April 8, 2021 | How To...
Imagine joining a project team knowing in the back of your head that 75% of team members admit that their projects are either always or usually “doomed right from the start.” (GENECA, January 2017). As a new team member, that isn’t very motivational, but wouldn’t you want to setup a new team member for success right off the bat and get off to a great start?
I recently onboarded a new team member to my current engagement – a Workplace by Facebook digital employee engagement for a large US-based corporation with retail stores across the United States. I was able to leverage my previous onboarding experience and developed a very simple Onboarding Plan which you can also develop for your new project team members.
The purpose of the Onboarding Plan is to help assimilate a new project team member to the overall project, set them up for success and deliver value to the client as quickly as possible. It should be detailed enough to get them started but also not so extensive that it will overwhelm the new team member to the point they can’t focus on the important aspects of the project. The Onboarding Plan had three key elements:
Key Stakeholders – Business & Technology: Sharing an organizational chart is a good start for a new team member to understand the overall organization. But more important than the titles are the roles that each key stakeholder performs on the project. Understanding who makes key decisions regarding launch readiness or who approves deliverables is critical to make sure you can meet any project concerns they may have. Third party technology vendors are just as critical for any project and at times lead key architecture and solution deployment aspects. Knowing key technology stakeholders – whether internal or external are also key to know during the onboarding process for new team members. Finally, in addition to just know the key stakeholders, the Onboarding Plan should identify those people that the new team member could turn to based on what they may be struggling with and turn to a leader who can assist.

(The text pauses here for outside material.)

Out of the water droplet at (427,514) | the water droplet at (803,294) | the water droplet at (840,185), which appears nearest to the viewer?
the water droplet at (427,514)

Personality and Working Styles: Knowing the names, titles or project roles of key stakeholders is typically not enough while working on highly visible projects or initiatives. New team members should also be aware of a stakeholder’s power and influence as well as their personal working style (e.g., responsiveness to emails on weekends, early riser or works late at night). Do they like to hash things out in a team meeting, or do they prefer to take things off-line and address them one on one? Additionally, sharing a Stakeholder Map with the new project team member would be very beneficial for them to understand the “influence” and “power” dynamics of the various key stakeholders. For more on “How to Develop a Stakeholder Map”, feel free to read a previous LSA blog here.
Overall Solution & Business Objectives: Depending on the new team member’s focus area, the Onboarding Plan should include at least a high-level overview of the solution being implemented and the key business objectives or benefits the project is looking to attain for the organization. Understanding why the project is being done or understanding if this is client’s strategic effort will also help new team member realize its importance. Again, the purpose of the Onboarding Plan is to make sure the new team member is setup for success.
Besides, the three key items for the Onboarding Plan shown above, other areas you may consider to include are project tools & process information, a summary of the new team members previous experiences that may be applicable to their role, and finally contacts for assistance or escalation. As a leader, providing the newly onboarded team member with an Onboarding Plan isn’t just a one-time exercise. With my new team member, I scheduled a daily 15-minute standup for the 2 of us for the 1st two weeks. This not only allows the new team member to ask questions about any of the provided material, but it also allows for timely feedback to the new team member from key stakeholders or existing project team members.
The ability to reduce the number of days during onboarding to being “productive” is important for either large or small initiatives. With team members onboarding through-out the life cycle of a project, you want them to contribute to your project as quick as possible (and be setup for success) so invest the time to develop an Onboarding Plan for your team members.